▶ **Exercise**
Can you transcribe every entry word for word, skipping the images?
━━━ Data under study
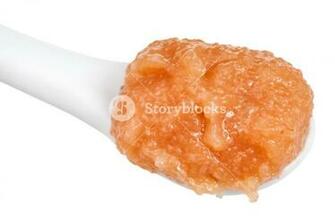 Salty Caviar Of Alaska Pollock In Ceramic Spoon Close Up Isolated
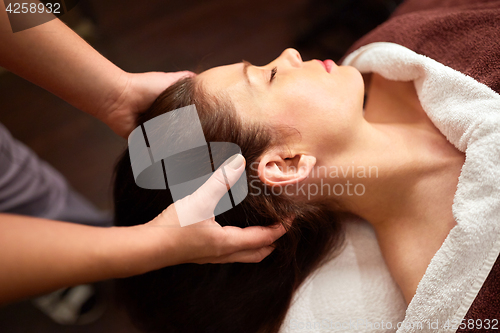 Image of woman having head massage at spa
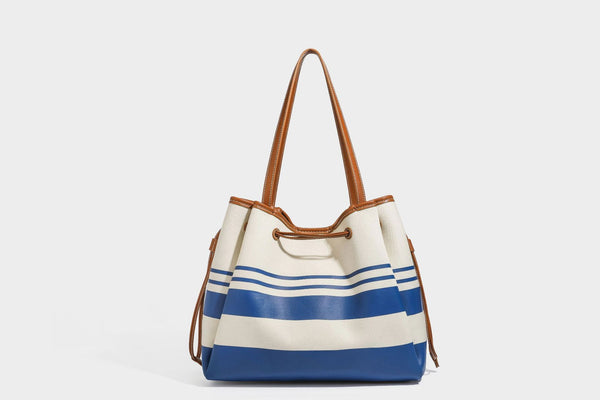 Large cream and navy striped canvas bucket tote bag with tan leather-look trim, drawstring closure, and double shoulder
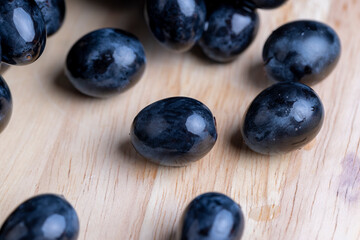 Unwashed blue grapes in the dust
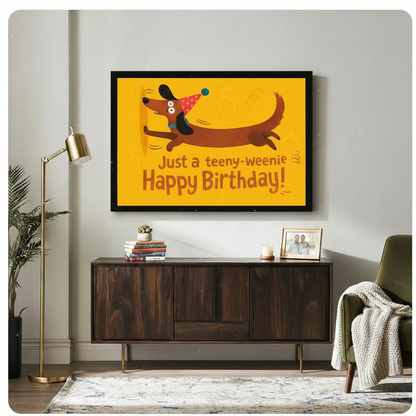Whimsical dachshund in party hat birthday wall art canvas in black frame above wooden sideboard in warm-toned living room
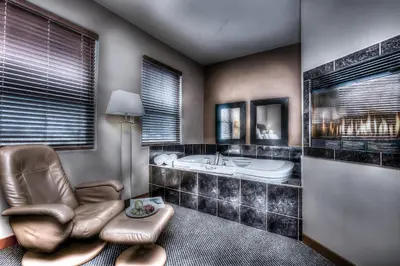 a bathroom with a chair and a bath tub and a chair at Podollan Inn & Spa - Grande Prairie in Grande Prairie
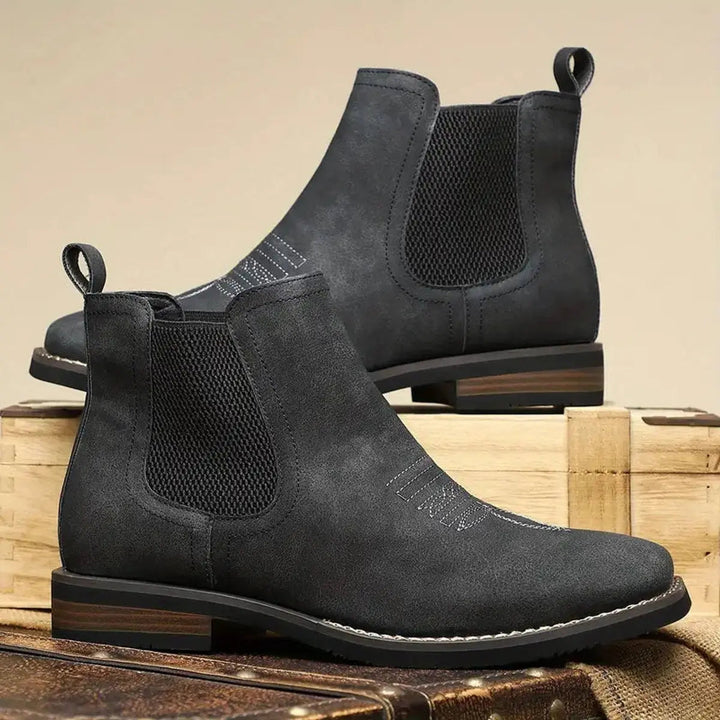 Detailed view of the unique western stitch on men's brown leather Chelsea ankle boots. Block heel visible.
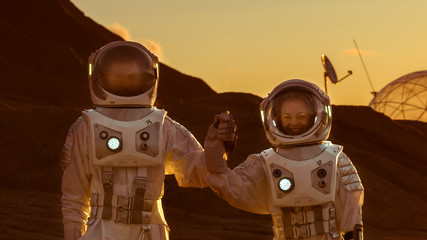Wall Mural - two astronauts wearing space suits holding hands on mars/ red planet. love in space travel, explorat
━━━━━━
▶ **Result of this exercise**
 Salty Caviar Of Alaska Pollock In Ceramic Spoon Close Up Isolated
 Image of woman having head massage at spa
 Large cream and navy striped canvas bucket tote bag with tan leather-look trim, drawstring closure, and double shoulder
 Unwashed blue grapes in the dust
Whimsical dachshund in party hat birthday wall art canvas in black frame above wooden sideboard in warm-toned living room
 a bathroom with a chair and a bath tub and a chair at Podollan Inn & Spa - Grande Prairie in Grande Prairie
 Detailed view of the unique western stitch on men's brown leather Chelsea ankle boots. Block heel visible.
Wall Mural - two astronauts wearing space suits holding hands on mars/ red planet. love in space travel, explorat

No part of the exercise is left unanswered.